# REQUIRED ACTION
Your job is to set down the stretch of entries that opens with the line containing "renvena Baby Girls" and closes with the line containing "Sky Under Tree". Keep both end lines, copy each exactly, and add nothing.

# Stored items from a collection

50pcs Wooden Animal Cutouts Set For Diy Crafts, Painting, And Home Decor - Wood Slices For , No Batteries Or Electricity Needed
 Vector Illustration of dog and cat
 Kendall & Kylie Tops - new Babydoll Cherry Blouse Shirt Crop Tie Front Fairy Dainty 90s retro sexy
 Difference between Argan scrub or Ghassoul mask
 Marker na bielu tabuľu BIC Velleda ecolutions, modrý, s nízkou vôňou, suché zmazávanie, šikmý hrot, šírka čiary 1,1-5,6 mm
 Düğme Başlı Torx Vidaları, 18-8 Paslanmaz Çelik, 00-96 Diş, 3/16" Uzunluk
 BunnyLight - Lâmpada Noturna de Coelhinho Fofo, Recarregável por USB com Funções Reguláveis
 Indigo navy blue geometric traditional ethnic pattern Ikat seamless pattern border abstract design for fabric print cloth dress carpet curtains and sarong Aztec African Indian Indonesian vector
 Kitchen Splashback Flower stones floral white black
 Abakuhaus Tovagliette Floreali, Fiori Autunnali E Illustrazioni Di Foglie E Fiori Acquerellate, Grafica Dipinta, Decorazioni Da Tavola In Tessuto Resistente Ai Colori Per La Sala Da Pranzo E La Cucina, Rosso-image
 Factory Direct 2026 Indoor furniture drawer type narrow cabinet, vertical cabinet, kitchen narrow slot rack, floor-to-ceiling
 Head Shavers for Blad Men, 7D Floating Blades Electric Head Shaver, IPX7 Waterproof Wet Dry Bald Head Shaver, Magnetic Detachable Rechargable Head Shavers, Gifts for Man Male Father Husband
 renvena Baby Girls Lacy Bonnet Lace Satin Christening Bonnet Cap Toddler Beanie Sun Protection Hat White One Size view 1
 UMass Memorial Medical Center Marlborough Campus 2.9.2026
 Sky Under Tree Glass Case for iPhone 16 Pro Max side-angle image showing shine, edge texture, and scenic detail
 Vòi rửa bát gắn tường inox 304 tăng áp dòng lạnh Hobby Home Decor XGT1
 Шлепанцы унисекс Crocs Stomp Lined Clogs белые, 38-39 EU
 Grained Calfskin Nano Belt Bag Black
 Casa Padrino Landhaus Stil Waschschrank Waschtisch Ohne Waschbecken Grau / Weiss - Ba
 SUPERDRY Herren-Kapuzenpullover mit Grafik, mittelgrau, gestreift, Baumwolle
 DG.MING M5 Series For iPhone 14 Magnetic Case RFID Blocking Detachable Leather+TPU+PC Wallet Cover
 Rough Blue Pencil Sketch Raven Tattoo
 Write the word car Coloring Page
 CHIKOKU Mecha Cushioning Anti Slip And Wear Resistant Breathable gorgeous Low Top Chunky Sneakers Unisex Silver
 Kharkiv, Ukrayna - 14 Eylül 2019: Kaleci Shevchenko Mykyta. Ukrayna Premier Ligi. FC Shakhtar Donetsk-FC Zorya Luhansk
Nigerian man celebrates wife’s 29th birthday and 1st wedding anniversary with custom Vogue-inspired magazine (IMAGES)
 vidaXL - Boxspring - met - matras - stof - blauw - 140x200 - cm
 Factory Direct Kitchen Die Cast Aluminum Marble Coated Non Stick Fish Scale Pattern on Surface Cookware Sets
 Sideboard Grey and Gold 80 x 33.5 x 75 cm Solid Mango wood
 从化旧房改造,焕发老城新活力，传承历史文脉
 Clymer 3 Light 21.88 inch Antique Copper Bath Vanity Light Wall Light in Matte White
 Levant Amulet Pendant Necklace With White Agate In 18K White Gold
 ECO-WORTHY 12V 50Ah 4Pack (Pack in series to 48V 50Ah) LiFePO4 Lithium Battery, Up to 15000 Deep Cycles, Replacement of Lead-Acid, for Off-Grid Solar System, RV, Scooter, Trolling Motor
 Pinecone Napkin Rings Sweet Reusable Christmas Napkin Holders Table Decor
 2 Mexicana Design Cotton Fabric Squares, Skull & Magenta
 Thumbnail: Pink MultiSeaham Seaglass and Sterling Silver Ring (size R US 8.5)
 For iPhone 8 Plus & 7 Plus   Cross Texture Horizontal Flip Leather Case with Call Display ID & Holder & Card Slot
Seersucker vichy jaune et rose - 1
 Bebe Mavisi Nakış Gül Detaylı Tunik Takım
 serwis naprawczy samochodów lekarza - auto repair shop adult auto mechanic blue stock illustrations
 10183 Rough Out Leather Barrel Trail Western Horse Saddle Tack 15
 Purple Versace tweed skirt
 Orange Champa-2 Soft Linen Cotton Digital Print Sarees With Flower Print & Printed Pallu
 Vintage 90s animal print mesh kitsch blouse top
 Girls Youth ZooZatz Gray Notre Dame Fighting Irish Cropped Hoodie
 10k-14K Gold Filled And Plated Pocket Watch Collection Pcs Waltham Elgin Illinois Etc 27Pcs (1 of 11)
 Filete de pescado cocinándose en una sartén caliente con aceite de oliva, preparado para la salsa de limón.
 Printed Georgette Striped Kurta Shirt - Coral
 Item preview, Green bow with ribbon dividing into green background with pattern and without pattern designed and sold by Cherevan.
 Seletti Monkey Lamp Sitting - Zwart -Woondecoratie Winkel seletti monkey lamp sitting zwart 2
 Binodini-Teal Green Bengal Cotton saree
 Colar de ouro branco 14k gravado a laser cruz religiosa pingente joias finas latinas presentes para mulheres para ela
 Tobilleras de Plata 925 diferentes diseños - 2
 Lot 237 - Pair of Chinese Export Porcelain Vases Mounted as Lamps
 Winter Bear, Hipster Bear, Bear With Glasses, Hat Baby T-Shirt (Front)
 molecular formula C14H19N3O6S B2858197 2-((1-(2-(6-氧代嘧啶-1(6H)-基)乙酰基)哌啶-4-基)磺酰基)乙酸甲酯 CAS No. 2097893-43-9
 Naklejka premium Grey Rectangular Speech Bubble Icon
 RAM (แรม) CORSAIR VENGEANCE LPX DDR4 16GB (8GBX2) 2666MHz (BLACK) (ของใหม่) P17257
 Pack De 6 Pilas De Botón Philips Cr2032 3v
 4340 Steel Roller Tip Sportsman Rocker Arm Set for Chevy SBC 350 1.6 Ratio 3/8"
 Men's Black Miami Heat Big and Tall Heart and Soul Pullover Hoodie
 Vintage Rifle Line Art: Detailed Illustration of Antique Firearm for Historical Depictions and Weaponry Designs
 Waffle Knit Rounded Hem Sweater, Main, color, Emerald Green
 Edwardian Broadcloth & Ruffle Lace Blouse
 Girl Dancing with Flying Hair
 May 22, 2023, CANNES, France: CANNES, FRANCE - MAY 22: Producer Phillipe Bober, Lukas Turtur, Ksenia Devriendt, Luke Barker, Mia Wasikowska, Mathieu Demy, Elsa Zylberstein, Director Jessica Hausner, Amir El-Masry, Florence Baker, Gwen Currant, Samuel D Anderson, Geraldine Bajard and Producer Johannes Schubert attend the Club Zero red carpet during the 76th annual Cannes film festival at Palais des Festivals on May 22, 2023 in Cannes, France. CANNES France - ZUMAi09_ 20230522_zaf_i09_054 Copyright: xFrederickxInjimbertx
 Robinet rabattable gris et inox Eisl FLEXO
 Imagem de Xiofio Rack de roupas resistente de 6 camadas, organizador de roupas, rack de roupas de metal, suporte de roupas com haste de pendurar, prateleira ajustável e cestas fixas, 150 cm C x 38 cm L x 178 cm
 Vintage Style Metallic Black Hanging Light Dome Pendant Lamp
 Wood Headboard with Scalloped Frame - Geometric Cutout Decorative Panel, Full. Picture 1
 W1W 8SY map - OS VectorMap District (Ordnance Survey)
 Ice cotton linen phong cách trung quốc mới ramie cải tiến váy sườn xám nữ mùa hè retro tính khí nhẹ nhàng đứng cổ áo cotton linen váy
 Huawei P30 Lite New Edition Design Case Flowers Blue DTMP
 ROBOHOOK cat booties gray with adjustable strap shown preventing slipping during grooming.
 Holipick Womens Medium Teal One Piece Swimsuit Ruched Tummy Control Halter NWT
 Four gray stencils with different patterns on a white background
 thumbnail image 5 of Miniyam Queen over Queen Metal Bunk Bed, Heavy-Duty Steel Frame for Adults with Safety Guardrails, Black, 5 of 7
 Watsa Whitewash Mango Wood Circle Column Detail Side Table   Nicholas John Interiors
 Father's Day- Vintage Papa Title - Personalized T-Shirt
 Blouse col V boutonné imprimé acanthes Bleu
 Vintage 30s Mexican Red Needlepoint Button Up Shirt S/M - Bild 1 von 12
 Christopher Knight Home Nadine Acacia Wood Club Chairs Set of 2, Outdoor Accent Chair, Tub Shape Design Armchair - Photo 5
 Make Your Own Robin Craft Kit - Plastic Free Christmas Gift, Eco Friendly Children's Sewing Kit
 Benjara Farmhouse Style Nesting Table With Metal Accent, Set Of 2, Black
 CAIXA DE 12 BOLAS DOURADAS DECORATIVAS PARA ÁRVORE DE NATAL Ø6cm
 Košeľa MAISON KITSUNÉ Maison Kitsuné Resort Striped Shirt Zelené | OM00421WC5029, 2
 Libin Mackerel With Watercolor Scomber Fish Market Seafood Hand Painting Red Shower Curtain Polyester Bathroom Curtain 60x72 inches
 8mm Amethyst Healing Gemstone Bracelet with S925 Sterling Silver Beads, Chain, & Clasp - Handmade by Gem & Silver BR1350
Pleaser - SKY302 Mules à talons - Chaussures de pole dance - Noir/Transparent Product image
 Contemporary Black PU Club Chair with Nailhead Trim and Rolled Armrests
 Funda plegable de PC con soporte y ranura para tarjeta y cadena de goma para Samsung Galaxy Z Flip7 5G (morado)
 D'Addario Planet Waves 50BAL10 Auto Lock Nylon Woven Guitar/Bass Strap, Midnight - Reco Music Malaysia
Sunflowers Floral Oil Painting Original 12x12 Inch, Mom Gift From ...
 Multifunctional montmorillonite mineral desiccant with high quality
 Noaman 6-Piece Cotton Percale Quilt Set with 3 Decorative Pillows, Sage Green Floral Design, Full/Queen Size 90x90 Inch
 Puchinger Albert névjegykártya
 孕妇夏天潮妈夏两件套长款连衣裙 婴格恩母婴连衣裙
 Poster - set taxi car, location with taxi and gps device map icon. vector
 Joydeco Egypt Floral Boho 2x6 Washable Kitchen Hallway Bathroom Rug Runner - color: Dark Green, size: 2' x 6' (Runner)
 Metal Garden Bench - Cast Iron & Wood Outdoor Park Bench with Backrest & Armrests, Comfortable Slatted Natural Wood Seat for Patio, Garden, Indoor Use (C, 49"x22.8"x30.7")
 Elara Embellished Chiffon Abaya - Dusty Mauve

# RESULT
 renvena Baby Girls Lacy Bonnet Lace Satin Christening Bonnet Cap Toddler Beanie Sun Protection Hat White One Size view 1
 UMass Memorial Medical Center Marlborough Campus 2.9.2026
 Sky Under Tree Glass Case for iPhone 16 Pro Max side-angle image showing shine, edge texture, and scenic detail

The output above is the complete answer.